Dear Señorito Noy,
I hope you don’t mind that I bring up a matter I find unbearably disturbing—your decision to retain Land Transportation Office chief Virginia Torres at the cost of losing Transportation Secretary Jose de Jesus.
Remember when you traded your old BMW for an almost new Porsche Carrera? Political considerations aside, I thought that was a damn good deal. It demonstrated your business acumen. It revealed a quality that will serve you well when your Public-Private Partnership Program goes on stream. It reinforced my belief that I voted for the right candidate.
And then you made that decision. It made me wonder whether you could really tell quality from junk.
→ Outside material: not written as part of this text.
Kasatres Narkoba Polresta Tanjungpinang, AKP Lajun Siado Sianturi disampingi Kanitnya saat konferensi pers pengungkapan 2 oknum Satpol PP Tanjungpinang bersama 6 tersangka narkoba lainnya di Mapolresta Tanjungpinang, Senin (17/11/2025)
Señorito, Secretary de Jesus was a keeper. He is a Rolls-Royce. You do not exchange a Rolls-Royce for a clunker.
Imagine prospective PPP investors arriving for a look-see. I’m sure you will want to impress them, you will want them to see that they are dealing with a Class-A partner, that the Philippines is a great place for business.
So you invite them to your Palace and give them a tour of the grounds and the garage. You show them the Porsche you got by trading up from a Beemer. They are impressed, as they should be. And then they see a rusty jalopy parked right next to the Porsche. What are you going to say when they ask, where is the Rolls and what is that rust-bucket doing in your garage?
Sus ginoo, Señorito, you have to wise up. There are people out there who don’t like you. And they are awash in cash and devoid of scruples. Don’t help them by supplying them with ammunition to bring you down. A jalopy for a Rolls? Shoot me, please!
Can’t you see that you are in a Joseph Estrada situation? The similarities are eerie. Lakas-Kampi and the Catholic Church are against you. Your vice president is also short, dark, ambitious and a realist in the scary sense of the word. The only difference between your vice president and Estrada is that your veep will not do to you what Estrada’s veep did to him. Binay will simply wait for you to self-destruct; soon, if you don’t wise up.
I remember a conversation with Jun Lozada at a victory party last year. Optimism was really thick that evening. But Lozada told me something that cut through the euphoria, “The true test for Noynoy will be how he will deal with his appointees when they stray from the straight and narrow.”
Señorito, the only obstacle blocking your enemies is the good-versus-evil archetype that stands on the good name of your parents, especially your mother’s. You were given the benefit of the doubt during the campaign. It’s now time to prove yourself worthy of your legacy.
I’ve heard you say many times that everyone must be given due process, most especially your enemies. Well and good. However, giving your appointees the same benefit of the doubt that you give your enemies is not good. Why? Because you campaigned on good governance; you promised daang matuwid.
Your administration will be held to a different standard. That means you are expected to live or die by the smell test and not by the standard of proof beyond reasonable doubt. That means you must demonstrate positive proof of integrity and propriety at all times.
Now be honest, did Virginia Torres pass the smell test or did all her crying and fainting make you forget you had a nose?
Anyway, it’s not too late to correct your mistake. Your executive secretary can still talk Torres into a graceful exit. He can promise her a job with San Jose Builders or the vice president’s office in exchange for her resignation.
I’m sorry for being entremetido. But I voted for you. Not only that, I may have also contributed in some small way to your victory. Remember “Villarroyo”? You’re welcome.
All I’m asking in return is for you to live up to your promise of good governance.